UT Military Service Center, Harley-Davidson hosting ride to house homeless veterans Sept. 10

September 7, 2016 | Events, UToday
By Christine Billau

The University of Toledo Military Service Center has partnered with Harley-Davidson to host the first Veterans Matter Ride to help house homeless veterans as part of UT’s Hero Appreciation Day and football game Saturday, Sept. 10.

Organizers are hosting a news conference to invite the public Wednesday, Sept. 7, 3 p.m. the UT Veterans Memorial Plaza.

veterans matter“No one who has served our nation should have to live on the streets,” said Navy Reserve Lt. Haraz N. Ghanbari, UT director of military and veteran affairs. “Our commitment to veterans extends beyond the sidewalks and boundaries of our campus, and directly into the communities in which we serve.”

Registration for the motorcycle ride is from 8 to 10 a.m. Saturday, Sept. 10, in parking lot 5 at Savage Arena. The ride begins at 11 a.m. with a police escort through campus and ends at Toledo Harley-Davidson, 7960 W. Central Ave. Riders will be greeted at Toledo Harley-Davidson by music and food from local vendors, including Nick & Nino’s and Deet’s BBQ.

“These men and women have been through a lot in their lives, and this is our chance to give back,” said Tim Sherman, owner of Toledo Harley-Davidson and Signature Harley-Davidson in Perrysburg. “The land of the free can help to provide homes for the brave. These veterans deserve it.”

Before the Rocket football game begins, two veterans will transport the American flag and UT mascots into Glass Bowl Stadium at 7 p.m. just prior to a flyover by the 180th Fighter Wing.

Those interested in riding can pre-register by texting “Harley” to 41444 or online at VeteransMatter.org/ride. The cost is $10 per rider or $25 for the premium registration, which includes a pin and event shirt. All proceeds will help house more homeless veterans in the community, state and nation.
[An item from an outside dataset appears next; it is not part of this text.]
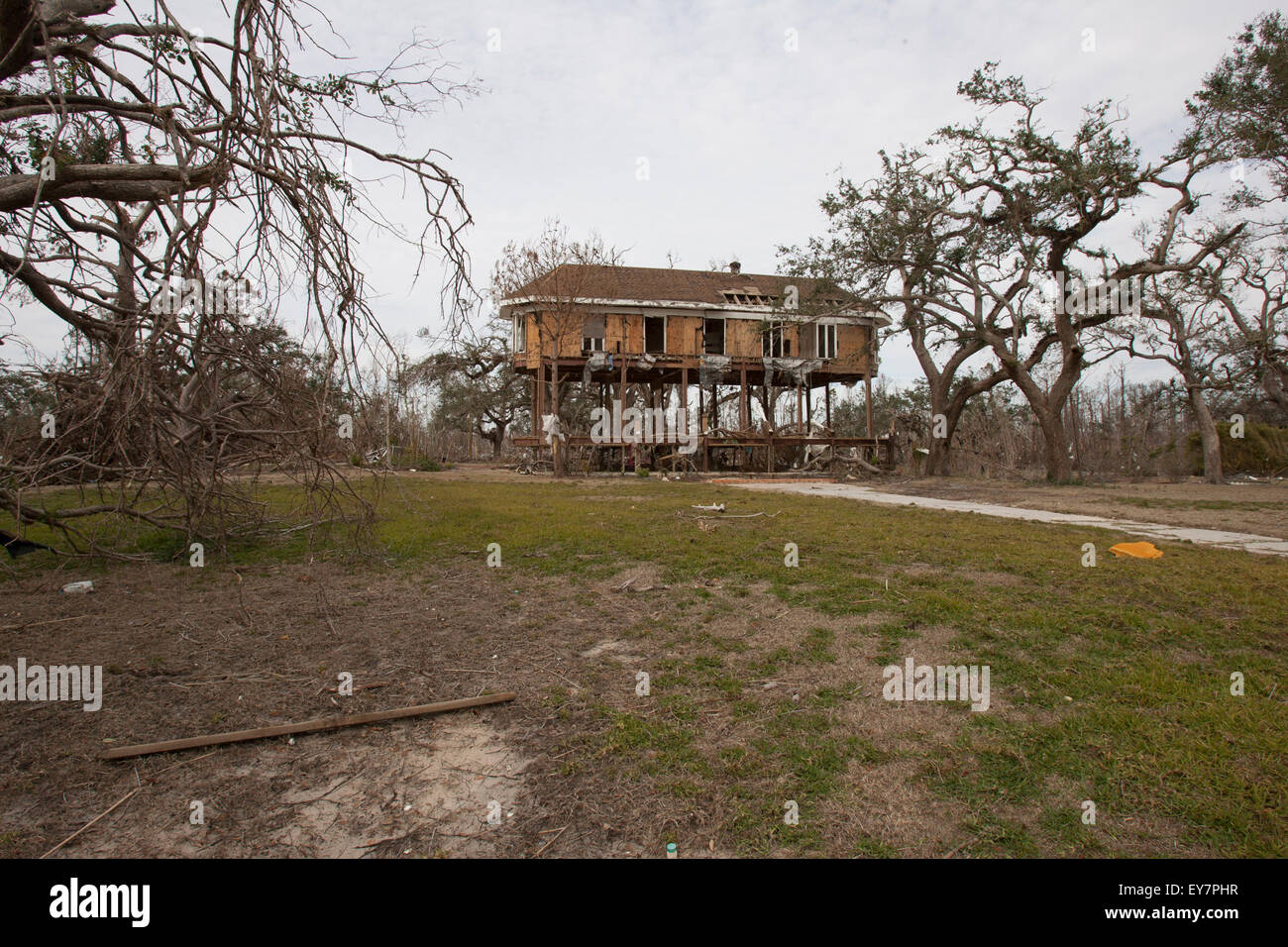 Il guscio di una casa sul Mississippi costa a seguito dell'uragano Katrina. Foto Stock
Veterans Matter, a program run by a nonprofit organization in Toledo called 1Matters, was started to house 35 local veterans and provides deposits directly to landlords to eliminate the last barrier preventing homeless veterans from crossing the threshold into VA-supported, long-term, voucher-assisted housing. Founder Ken Leslie grew the program to become a national campaign that has housed more than 1,100 veterans in more than 160 cities.